Chris Witt's Real Leaders Don't Do PowerPoint, covers these kinds of presentations. More than just a how-to book for speakers, it's an earnest manifesto for leaders to come out from behind their slides and do what only they can uniquely do - build an organization's confidence, rally their emotions and galvanize them for action.
And that's best done without PowerPoint slides.
Witt's principles are a modern-day telling of the four principles of Demosthenes, the father of Greek oratory, and so Witt's book is divided into four sections.
Part 1: A Great Person. A real leader is authentic and doesn't try to act like leaders are "supposed" to act. Leaders take a stand on issues. Leaders have a clear identity. The best way to be mediocre is to imitate others, avoid saying anything controversial and hide the things about you that make you unique.
Part 2: A Noteworthy Event. Be picky about which events you will speak at. Choose the events where you can do the most good and avoid events that cheapen your image.
Part 3: A Compelling Message. The leader's most important job is to motivate and inspire an audience toward a grand mission or vision, not to transfer facts and data. This important responsibility involves best practices like focusing on one big idea, opening and closing strong, using storytelling, using plain language and repeating key points.

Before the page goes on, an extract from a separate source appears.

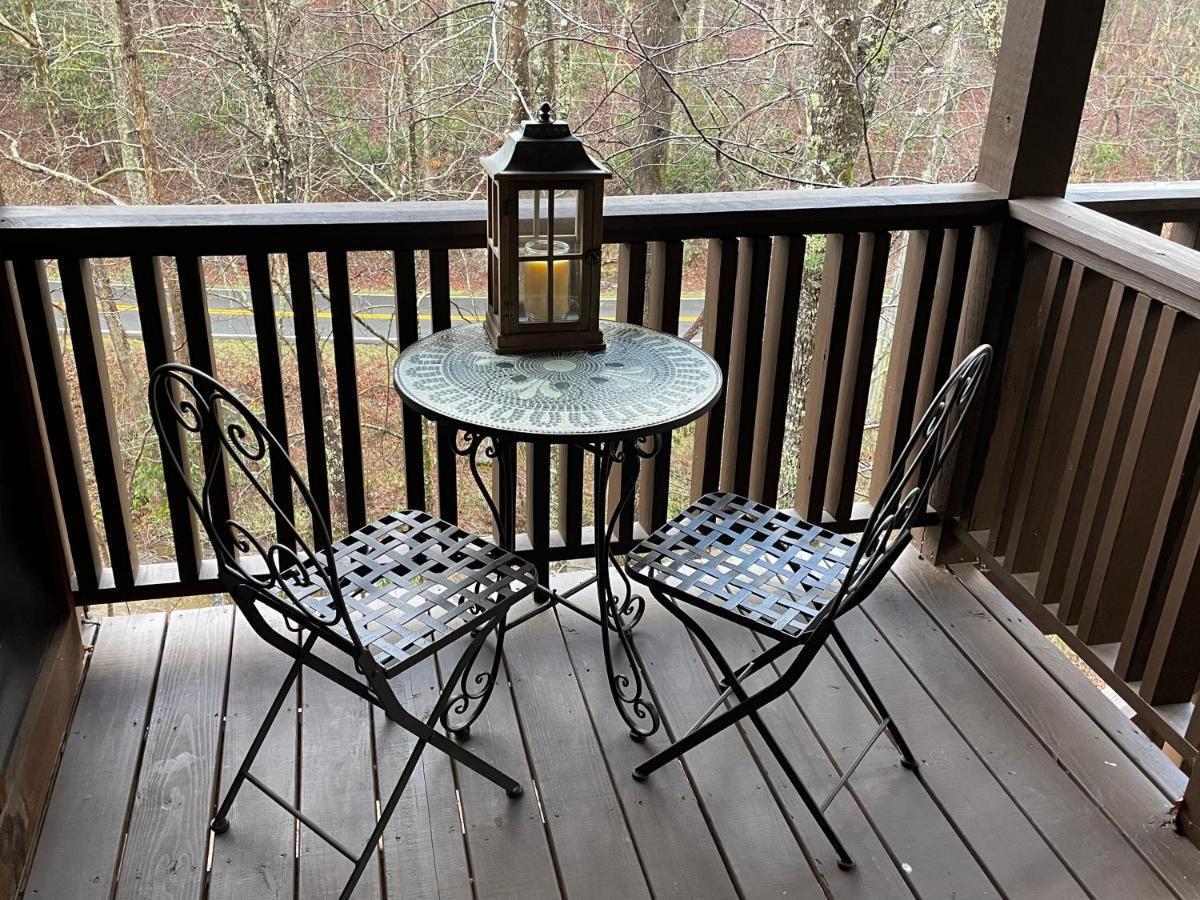 Cozy Creekfront Family Cabin-Pet Friendly -Gamerm-Hot Tub Hiawassee Zewnętrze zdjęcie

Part 4: A Masterful Delivery. The most important idea in this section is to let your passion shine through. Timid speakers need not apply. The rest of this section covers familiar territory like how to prepare a speech, how to address questions and how to connect with an audience.

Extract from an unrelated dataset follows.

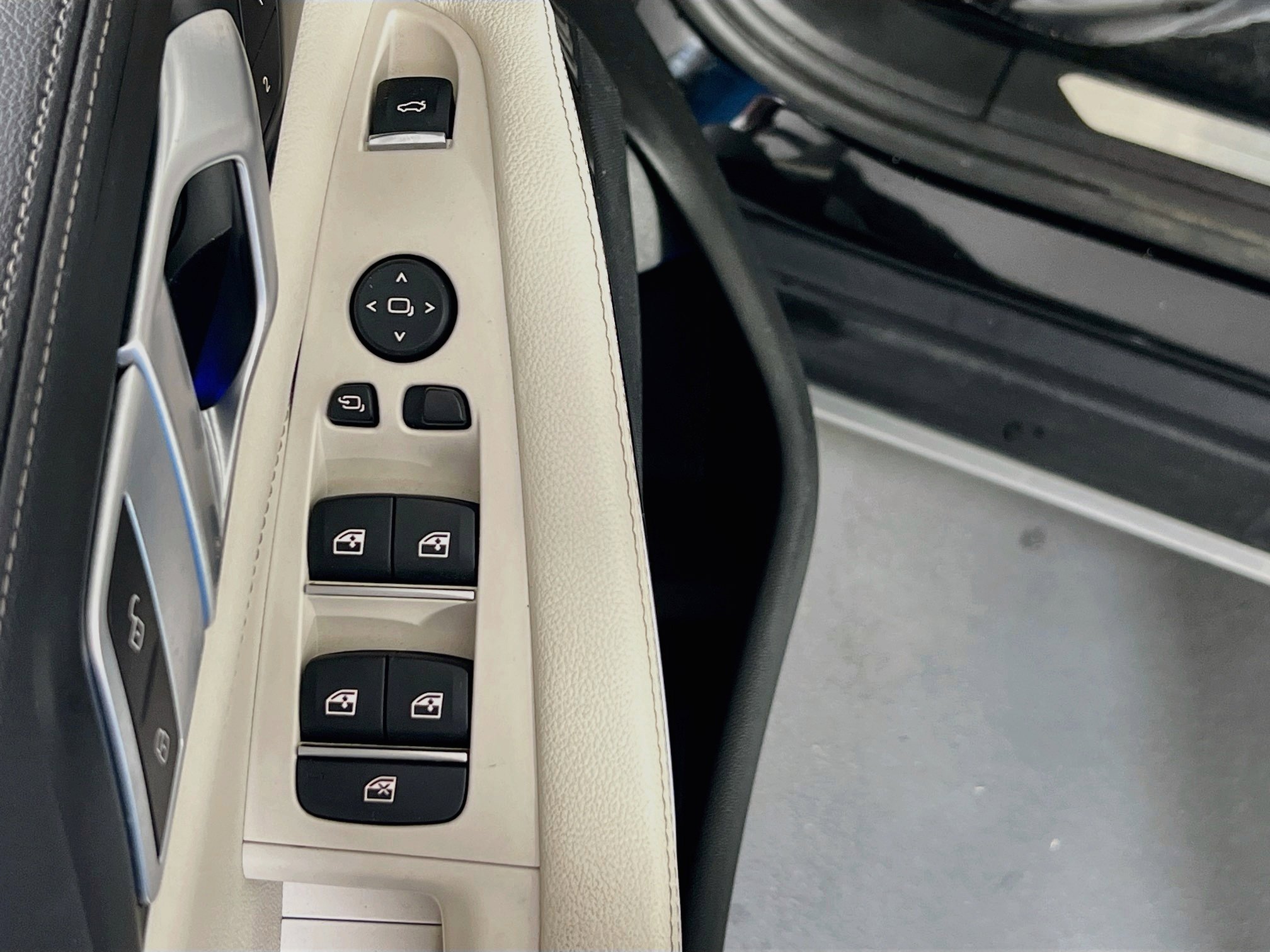 Used 2020 BMW X5 xDrive40i w/ Convenience Package AWD/4WD image 18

The book succeeds as a manifesto in part because of Witt's brisk but friendly writing style. You feel like you're being coached through the materials, not lectured.
Although the book's title seems like an anti-PowerPoint rant, you will find no cheap shots at PowerPoint in this fine book. Chris Witt's goal is simply to prepare you to be better leader. And in the most critical speeches, that requires a passionate speaker who can connect with an audience emotionally, not PowerPoint slides.